In the run-up to the local festivities (which happen in August – stay tuned) that celebrate Lillian Nordica, Farmington’s home-grown-but-world-famous opera diva, I’m delighted to announce that a brand-new book about the great singer has just been published by two local authors.

Lily of the North is a children’s history of Madame Nordica, aimed at grades 3 to 6, and penned, aptly enough, by two of our elementary-level teachers. Authors Patricia Flint and Jane Parker have both recently retired after careers at Cascade Brook School, where Patricia was the librarian and also taught English, and Jane taught music, both vocal and instrumental. Integral to the book are the enchanting water-color illustrations by Luanne Wrenn, an art teacher in the Belgrade shools, which are interspersed with photographs of Mme Nordica’s career from the collection of the Nordica Memorial Association.

It’s the Association that will be hosting a celebration of the book’s release on June 24 from 5 to 7 p.m. at the Nordica Homestead Museum on the Holley Road. The authors and the illustrator will all be present, and will be happy to sign copies of the book for those who already have a copy or wish to purchase one there. There will be refreshments served, tours of the museum available, and a book reading for all ages; children are encouraged to attend!

If you’ve never been there, it’s easy to find: just turn up Holley Road off Route 4 in Fairbanks, and it’s a straight shot, less than half a mile, to the handsome sign that marks the museum’s driveway.

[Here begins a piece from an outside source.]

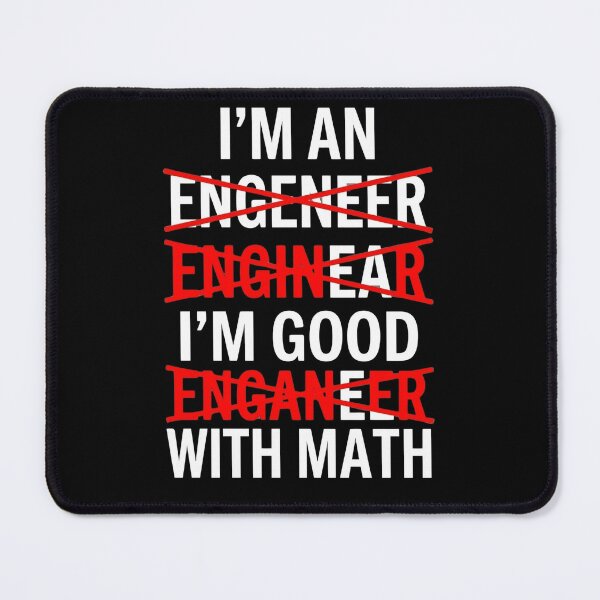 Item preview, I'm An Engineer I'm Good With Math Funny Engineering Humor Gift For Engineers Math Lovers designed and sold by FormalDehyena.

When Jane and Trish taught together at Cascade Brook they often had front hall duty together, and in between the usual noisy student commotions they would talk about someday writing a book together. After they retired they started meeting at a local bakery to discuss the project. Jane started with an outline of Mme Nordica’s life, which she illustrated with stick figures, and then turned it over to Trish, who transposed it into language for children.

Jane lives right across the road from the Nordica Homestead, and has both a professional and personal interest in Mme Nordica’s career, being an operatic soprano herself and having portrayed her famous neighbor on many occasions. Jane developed a one-woman show about Mme Nordica which she played, in costume, in schools around the area and at Portland’s Victoria Mansion. Allen Flint, one of the book’s dedicatees, awarded her the title of “Divine Jane” because of her portrayal. (I’m rather proud of the fact that the last time Jane played Mme Nordica was in a musical play I wrote and directed for Foothills Arts about 14 years ago.)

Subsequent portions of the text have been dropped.